En los descansos de los partidos del Unión Club Ceares, equipo asturiano de Tercera División, en el campo de La Cruz, los niños saltan al terreno juego y pelotean con las ganas y la pasión que todos los niños del mundo suelen poner en las cosas que les importan. Si usted es aficionado al fútbol, seguro que se ha quedado mirando muchas veces a un grupo de niños que juegan al fútbol en un parque o en la cancha del cole y se ha hecho preguntas acerca de las diferencias entre un partidillo entre niños que termina con el timbre que señala la vuelta al cole y una final de la Liga de Campeones entre el Real Madrid y el equipo que toque. Un partido con niños es tan hipnótico como el espectáculo que ofrece un buen fuego en la chimenea en una fría tarde de invierno o como ver a un tipo en la teletienda explicando las virtudes de un chisme que hace no sé qué con los tomates y las cebollas. Los niños que juegan al fútbol en los descansos de La Cruz y los que viven el fútbol en los recreos del cole se convertirán, más pronto que tarde, en disciplinados futbolistas que cumplirán las órdenes del míster y en disciplinados futboleros que irán al estadio a ver ganar a su equipo. Disciplina. Victoria. Ser un futbolista desbordante como Deulofeu es una mierda. Hay que sacrificarse por el equipo y olvidarse del regate considerado como una de las bellas artes futbolísticas. Ser finalista de la Liga de Campeones es una mierda. Hay que ser campeones y olvidarse de la derrota romántica como una de las bellas artes del balompié.

Que sí. Que hay que reconocer que el fútbol es algo más (e incluso muchísimo más) que ese apasionante correcalles, ese caótico tumulto, esa desgarrada lucha por cada balón, ese imparable ímpetu en busca de la pelota sin más objetivo que la pelota en sí misma que describe un partido entre niños. Por muy hipnótico que sea, pocos pagaríamos una entrada para ver jugar a unos niños en La Cruz o en el patio de un cole. Pero puede que haya llegado el momento de parar un poco los pies a los que confunden juventud y frescura futbolística con inmadurez e incapacidad para domesticar un partido. Un niño, dice el filósofo francés jean-François Lyotard, está privado de habla, es incapaz de mantenerse erguido, vacila sobre los objetos de su interés, es inepto para el cálculo de beneficios, insensible a la razón común y, sin embargo, es la más plena representación de la humanidad porque su desamparo anuncia todo lo que ese niño puede llegar a ser.
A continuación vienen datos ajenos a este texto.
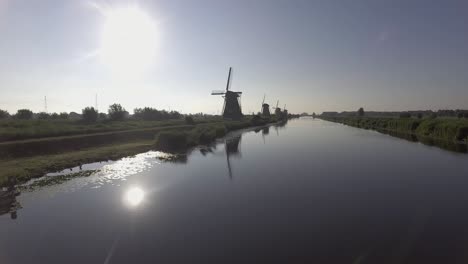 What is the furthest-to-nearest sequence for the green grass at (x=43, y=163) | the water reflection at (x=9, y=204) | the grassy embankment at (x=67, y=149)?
1. the grassy embankment at (x=67, y=149)
2. the green grass at (x=43, y=163)
3. the water reflection at (x=9, y=204)

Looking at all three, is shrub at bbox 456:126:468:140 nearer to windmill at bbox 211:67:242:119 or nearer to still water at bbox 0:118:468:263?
still water at bbox 0:118:468:263

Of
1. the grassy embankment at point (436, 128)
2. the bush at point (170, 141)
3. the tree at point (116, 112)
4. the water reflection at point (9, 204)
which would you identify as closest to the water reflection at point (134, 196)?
the water reflection at point (9, 204)

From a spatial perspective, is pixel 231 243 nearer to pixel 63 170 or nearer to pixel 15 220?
pixel 15 220

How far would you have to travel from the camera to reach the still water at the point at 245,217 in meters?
8.97

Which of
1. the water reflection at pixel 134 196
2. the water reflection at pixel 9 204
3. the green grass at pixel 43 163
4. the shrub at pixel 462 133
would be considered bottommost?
the water reflection at pixel 134 196

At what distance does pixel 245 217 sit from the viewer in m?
12.1

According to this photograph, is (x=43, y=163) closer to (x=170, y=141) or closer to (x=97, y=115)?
(x=170, y=141)

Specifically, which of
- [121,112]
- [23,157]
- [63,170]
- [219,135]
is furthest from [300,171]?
[121,112]

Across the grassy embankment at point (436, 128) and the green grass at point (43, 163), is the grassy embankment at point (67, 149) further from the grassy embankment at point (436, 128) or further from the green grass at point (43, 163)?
the grassy embankment at point (436, 128)

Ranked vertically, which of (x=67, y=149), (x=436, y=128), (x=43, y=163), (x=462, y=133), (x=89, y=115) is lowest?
(x=43, y=163)

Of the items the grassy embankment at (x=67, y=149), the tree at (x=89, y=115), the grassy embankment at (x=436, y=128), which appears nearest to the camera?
the grassy embankment at (x=67, y=149)

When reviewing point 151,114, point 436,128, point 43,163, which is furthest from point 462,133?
point 151,114

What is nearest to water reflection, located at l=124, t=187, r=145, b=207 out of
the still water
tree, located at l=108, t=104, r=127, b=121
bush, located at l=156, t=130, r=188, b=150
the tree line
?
the still water

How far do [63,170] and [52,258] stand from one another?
1506 centimetres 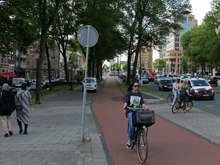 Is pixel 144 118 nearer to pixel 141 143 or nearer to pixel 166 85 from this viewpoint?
pixel 141 143

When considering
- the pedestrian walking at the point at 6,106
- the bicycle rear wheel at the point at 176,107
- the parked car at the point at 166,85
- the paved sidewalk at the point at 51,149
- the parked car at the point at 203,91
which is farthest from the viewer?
the parked car at the point at 166,85

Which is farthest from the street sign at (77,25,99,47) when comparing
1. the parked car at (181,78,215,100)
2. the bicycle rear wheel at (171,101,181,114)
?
the parked car at (181,78,215,100)

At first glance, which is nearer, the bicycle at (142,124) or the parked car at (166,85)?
the bicycle at (142,124)

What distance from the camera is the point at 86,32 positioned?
10.1 m

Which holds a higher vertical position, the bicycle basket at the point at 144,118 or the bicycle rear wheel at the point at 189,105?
the bicycle basket at the point at 144,118

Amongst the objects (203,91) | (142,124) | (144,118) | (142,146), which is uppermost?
(144,118)

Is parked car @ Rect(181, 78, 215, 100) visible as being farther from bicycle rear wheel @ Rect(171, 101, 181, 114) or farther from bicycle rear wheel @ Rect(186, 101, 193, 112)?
bicycle rear wheel @ Rect(171, 101, 181, 114)

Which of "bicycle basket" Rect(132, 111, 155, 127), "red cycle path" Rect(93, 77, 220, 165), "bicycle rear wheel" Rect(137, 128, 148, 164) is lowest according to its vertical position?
"red cycle path" Rect(93, 77, 220, 165)

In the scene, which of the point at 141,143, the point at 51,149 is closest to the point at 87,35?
the point at 51,149

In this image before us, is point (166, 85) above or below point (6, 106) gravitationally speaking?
below

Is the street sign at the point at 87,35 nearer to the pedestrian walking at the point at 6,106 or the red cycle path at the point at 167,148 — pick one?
the red cycle path at the point at 167,148

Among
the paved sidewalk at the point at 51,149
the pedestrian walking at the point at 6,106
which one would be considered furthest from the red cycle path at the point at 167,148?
the pedestrian walking at the point at 6,106

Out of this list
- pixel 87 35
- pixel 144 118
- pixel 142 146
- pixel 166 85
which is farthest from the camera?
pixel 166 85

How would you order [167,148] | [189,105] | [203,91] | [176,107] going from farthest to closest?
[203,91], [189,105], [176,107], [167,148] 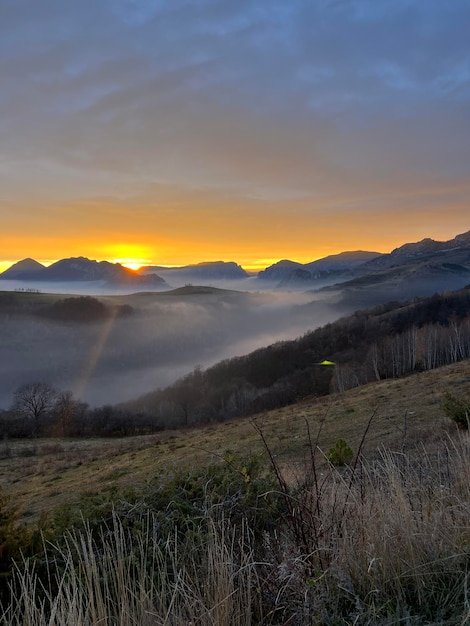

Un futbolista-niño, o un Deulofeu o un Asensio antes de que terminen atornillados al sistema, está privado de habla ante un Messi o un Ronaldo, es incapaz de mantenerse erguido cuando el balón está lejos, vacila sobre lo que le interesa en cada momento del partido, es inepto para el cálculo de beneficios que llevan a la victoria, insensible a la razón común que dicta lo que se debe hacer en cada momento y, sin embargo, en su desamparo es la más plena, y quizás tierna, representación de lo que puede llegar a ser como futbolista. Lyotard lamenta que todos los esfuerzos de la sociedad estén destinados a dirigir el proceso de maduración de los niños en sentido contrario a las cualidades humanas de la infancia. Puede que también tengamos que lamentar que todos los esfuerzos del fútbol estén destinados a dirigir el proceso de maduración de los jóvenes futbolistas en sentido contrario a los partidos que juegan los niños en el patio del cole.

¿No le gustaría haber visto jugar a Deulofeu o Asensio en el patio del cole? Claro que siempre hay excepciones. Messi, Lionel Messi, jugaba exactamente igual en el cole que en el Camp Nou. ¿Y quién no habría pagado una entrada para ver jugar a un niño llamado Lionel, muy bajito y de pocas palabras, en el barrio Grandoli de Rosario?